Exercise objective:
Go through the data from its first line and retype each line, stopping once the line containing "Aldi Taher Mendaftar" has been retyped.

· · · · ·

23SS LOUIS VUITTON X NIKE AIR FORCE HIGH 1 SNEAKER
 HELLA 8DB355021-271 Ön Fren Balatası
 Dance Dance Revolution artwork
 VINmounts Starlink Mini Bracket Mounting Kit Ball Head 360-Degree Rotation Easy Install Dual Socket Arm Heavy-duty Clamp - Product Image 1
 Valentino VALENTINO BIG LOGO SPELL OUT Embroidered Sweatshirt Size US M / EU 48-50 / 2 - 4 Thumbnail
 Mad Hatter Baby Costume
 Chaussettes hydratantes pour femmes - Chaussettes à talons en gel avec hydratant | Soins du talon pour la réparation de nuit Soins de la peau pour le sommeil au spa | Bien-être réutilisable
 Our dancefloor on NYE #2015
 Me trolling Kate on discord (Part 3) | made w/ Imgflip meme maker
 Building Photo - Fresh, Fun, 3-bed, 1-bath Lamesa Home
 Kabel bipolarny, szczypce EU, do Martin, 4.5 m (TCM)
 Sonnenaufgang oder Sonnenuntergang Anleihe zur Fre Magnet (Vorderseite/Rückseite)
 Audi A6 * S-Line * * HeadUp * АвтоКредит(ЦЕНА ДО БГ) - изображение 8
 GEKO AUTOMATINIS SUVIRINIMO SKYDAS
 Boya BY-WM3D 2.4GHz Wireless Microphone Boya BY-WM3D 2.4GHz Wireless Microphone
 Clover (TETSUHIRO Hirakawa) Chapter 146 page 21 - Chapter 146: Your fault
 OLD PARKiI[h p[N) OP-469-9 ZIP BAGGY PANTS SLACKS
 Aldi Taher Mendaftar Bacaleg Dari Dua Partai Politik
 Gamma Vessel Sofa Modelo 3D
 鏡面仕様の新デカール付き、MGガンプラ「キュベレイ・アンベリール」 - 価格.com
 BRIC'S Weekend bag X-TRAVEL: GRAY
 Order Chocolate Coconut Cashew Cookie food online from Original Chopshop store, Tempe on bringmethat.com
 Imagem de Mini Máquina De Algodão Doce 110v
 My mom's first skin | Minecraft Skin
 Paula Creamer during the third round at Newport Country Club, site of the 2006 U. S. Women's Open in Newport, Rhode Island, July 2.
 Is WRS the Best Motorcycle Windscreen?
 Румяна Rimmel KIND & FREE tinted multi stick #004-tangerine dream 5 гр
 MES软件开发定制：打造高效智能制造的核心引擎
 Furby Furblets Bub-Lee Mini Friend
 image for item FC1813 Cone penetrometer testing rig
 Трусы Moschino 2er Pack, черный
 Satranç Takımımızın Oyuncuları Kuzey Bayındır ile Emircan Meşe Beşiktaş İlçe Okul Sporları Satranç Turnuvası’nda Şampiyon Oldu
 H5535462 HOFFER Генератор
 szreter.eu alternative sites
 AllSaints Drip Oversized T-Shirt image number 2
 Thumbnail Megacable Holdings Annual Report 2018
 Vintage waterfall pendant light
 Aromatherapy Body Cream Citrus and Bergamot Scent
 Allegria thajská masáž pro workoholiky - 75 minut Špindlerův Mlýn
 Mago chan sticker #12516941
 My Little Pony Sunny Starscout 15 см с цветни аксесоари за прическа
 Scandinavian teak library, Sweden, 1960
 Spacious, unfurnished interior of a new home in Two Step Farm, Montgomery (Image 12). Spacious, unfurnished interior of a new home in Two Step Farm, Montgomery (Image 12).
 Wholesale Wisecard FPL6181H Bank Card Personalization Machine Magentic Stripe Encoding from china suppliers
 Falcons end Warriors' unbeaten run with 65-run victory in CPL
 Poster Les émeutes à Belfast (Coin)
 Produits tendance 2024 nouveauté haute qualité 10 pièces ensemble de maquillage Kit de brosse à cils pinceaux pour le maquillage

· · · · ·

Reply to the task:
23SS LOUIS VUITTON X NIKE AIR FORCE HIGH 1 SNEAKER
 HELLA 8DB355021-271 Ön Fren Balatası
 Dance Dance Revolution artwork
 VINmounts Starlink Mini Bracket Mounting Kit Ball Head 360-Degree Rotation Easy Install Dual Socket Arm Heavy-duty Clamp - Product Image 1
 Valentino VALENTINO BIG LOGO SPELL OUT Embroidered Sweatshirt Size US M / EU 48-50 / 2 - 4 Thumbnail
 Mad Hatter Baby Costume
 Chaussettes hydratantes pour femmes - Chaussettes à talons en gel avec hydratant | Soins du talon pour la réparation de nuit Soins de la peau pour le sommeil au spa | Bien-être réutilisable
 Our dancefloor on NYE #2015
 Me trolling Kate on discord (Part 3) | made w/ Imgflip meme maker
 Building Photo - Fresh, Fun, 3-bed, 1-bath Lamesa Home
 Kabel bipolarny, szczypce EU, do Martin, 4.5 m (TCM)
 Sonnenaufgang oder Sonnenuntergang Anleihe zur Fre Magnet (Vorderseite/Rückseite)
 Audi A6 * S-Line * * HeadUp * АвтоКредит(ЦЕНА ДО БГ) - изображение 8
 GEKO AUTOMATINIS SUVIRINIMO SKYDAS
 Boya BY-WM3D 2.4GHz Wireless Microphone Boya BY-WM3D 2.4GHz Wireless Microphone
 Clover (TETSUHIRO Hirakawa) Chapter 146 page 21 - Chapter 146: Your fault
 OLD PARKiI[h p[N) OP-469-9 ZIP BAGGY PANTS SLACKS
 Aldi Taher Mendaftar Bacaleg Dari Dua Partai Politik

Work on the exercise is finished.